How to choose the right floor joist for you

The floor joists you will use are going to depend on several factors, including the size of the area you are covering and the weight it will carry. From the descriptions above you might already be able to tell which is best for your needs. However, do keep in mind that, if you are covering an area like a living room that generally holds quite a bit of weight, you will need more support and less spacing between joists, therefore a smaller lumber size can be used (like 2 x 6). On the other hand, if you are covering a deck, the spacing can be larger (not over 24 inches) and the lumber size can go up to 2 x 12. The span distance, which is the length from one end to the other, is also crucial as some lumber sizes will not span as long as you would want. A 2 x 6 joist can usually span 12 inches, but a 2 x 12 can span up to 25 inches.

According to Weekend Builds, you will also need to select a lumber grade. Those go from one to three, with one being the best quality. So, if you are covering a space that will be holding a lot of weight, you're going to want to pick a wood with a lumber grade of one. Lastly, before you buy any kind of joist, be sure to check your building code, specifically the International Residential Code; this will tell you exactly what is allowed in terms of spans for floor joists based on lumber type and spacing. Any other requirements concerning floor joists will also be noted.

Do floor joists need to be repaired or replaced?

There are three main reasons that your floor joists might need to be repaired or replaced, according to Bay Crawl Space. The first is moisture since, as you may already know, moisture and wood don't make a great combination. If this happens your joists will start to lose strength, which could then cause your floor to collapse. Along those same lines, the second reason is water damage. If your home has plumbing issues, leaks, etc., that can cause the wood of your joists to deteriorate pretty quickly, and you'll have to replace them sooner than normal. And finally, the third reason your joists could fail prematurely is termites. You probably already know this, but termites cause serious damage as they attack wood. Your joists being made out of wood puts them right in harm's way if you were to have a termite infestation.

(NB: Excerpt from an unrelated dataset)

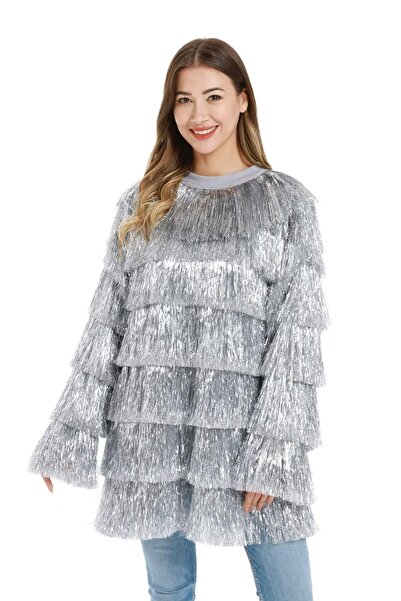 OEM Pulover de Crăciun amuzant unisex cu pom de iarnă argintiu 2XL/3XL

If you're wondering whether or not your floor joists are damaged, know that the biggest red flag would be moving or sagging floors. If you notice either, there are two ways to go about repairing your joists. You can either install screw jacks to lift and level the flooring or you can sister your joists, which simply means reinforcing all of them with an additional piece of wood. Both of these can cause some damage and can be hard to do so we recommend you hire a professional to do the job. The latter is especially true if the damage is too big and you need to replace your joists fully.

Sistering joists can cost anywhere from $100 to $300, whereas replacing them will cost a total of $6,000 and can go all the way up to over $20,000, according to Forbes. Pricing depends on the size of the surface that needs replacing and if they all need to be fully replaced or not.